I've never heard of private practice hem/oncs going the pathology route. Everyone I know goes through 3 years of internal medicine residency followed by 3 years of hem/onc fellowship.


2. How much of your time is spent at the bench looking into a microscope and how much is spent with patients.

In private practice, I spend very little time looking into microscope other than looking at CBC smears for new patients either in hospital or office with heme related problems- anemia, thrombocytopenia, leukopenia. So majority of time is with patients.

All of the physicians I work with are transfusion medicine docs so I don't really get to interact all that much with pure heme oncs.


3. Do most heme oncs go into academic medicine or private practive/community medicine. Is it somehow looked down upon if you do not want to be an academic heme onc?

It depends on lifestyle choices- in my fellowship, I could easily worked at big name centers but I'm not a researcher or academician at heart so I chose private practice. Even though there may be a "snob" factor felt by the academicians, I don't really care as I'm too busy taking care of patients!

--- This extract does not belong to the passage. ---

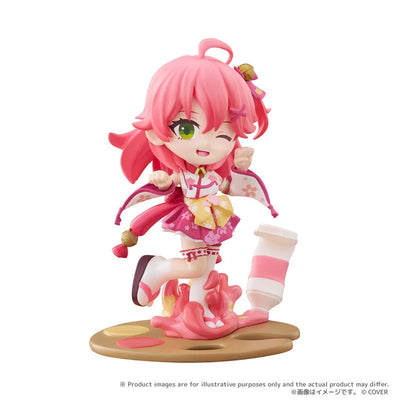 Hololive - Sakura Miko - PalVerse Palé. (Bushiroad Creative)ㅤ – Bushiroad Creative – ActionFigureBrasil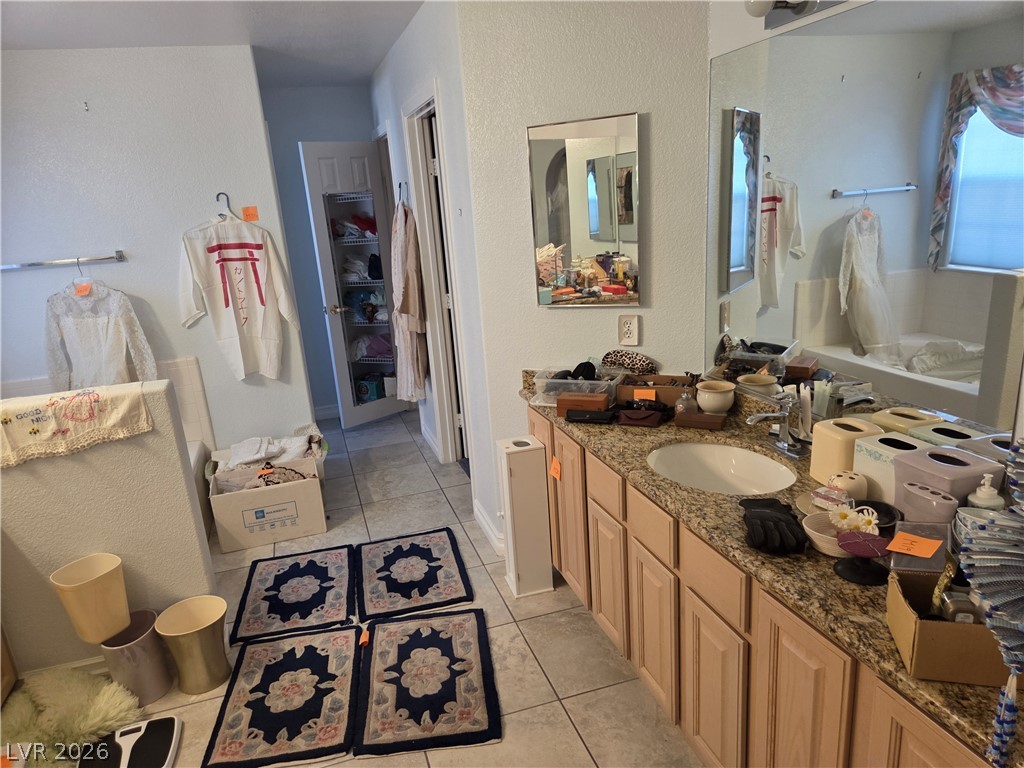 5020 Cliffrose Drive Las Vegas NV 89130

Now in private practice, many hem/oncs do look down on colleagues who have only done med.oncology fellowship and no heme. So do the 3 years and get properly trained!
 
the fellowship program at my program is weak on heme and very strong on oncology, even though you will have to be boarded in both after you get out.
 
I'ma med student and not too sure on what the lifestyle of a fellow is like - particularly in heme/onc. Can anyone comment?